[Task requirements] Reproduce precisely the lines of the listing below, starting with the line that contains "Golden Bookmark, Moon" and stopping after the line that contains "Cross-border Plus-size Dress, European"; include nothing else.

[Information provided]
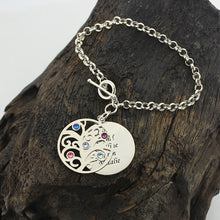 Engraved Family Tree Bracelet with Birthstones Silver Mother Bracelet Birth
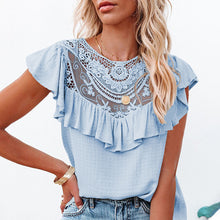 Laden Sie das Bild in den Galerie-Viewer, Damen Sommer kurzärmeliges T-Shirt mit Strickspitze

--

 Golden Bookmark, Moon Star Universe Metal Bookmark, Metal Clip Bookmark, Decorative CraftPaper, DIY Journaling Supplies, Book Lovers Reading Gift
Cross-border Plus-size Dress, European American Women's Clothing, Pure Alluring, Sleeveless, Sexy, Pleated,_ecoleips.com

==

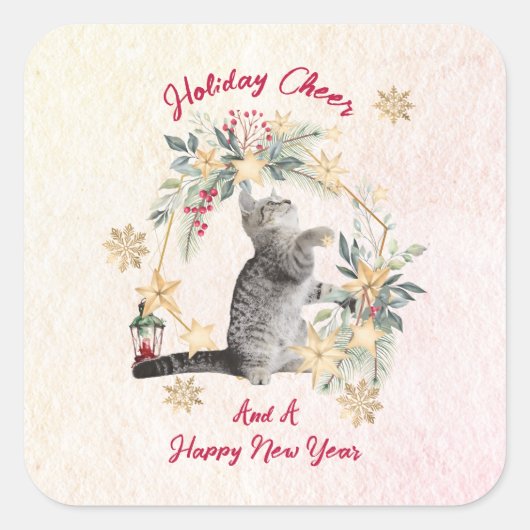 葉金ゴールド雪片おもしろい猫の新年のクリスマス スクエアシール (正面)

[Exercise output]
 Golden Bookmark, Moon Star Universe Metal Bookmark, Metal Clip Bookmark, Decorative CraftPaper, DIY Journaling Supplies, Book Lovers Reading Gift
Cross-border Plus-size Dress, European American Women's Clothing, Pure Alluring, Sleeveless, Sexy, Pleated,_ecoleips.com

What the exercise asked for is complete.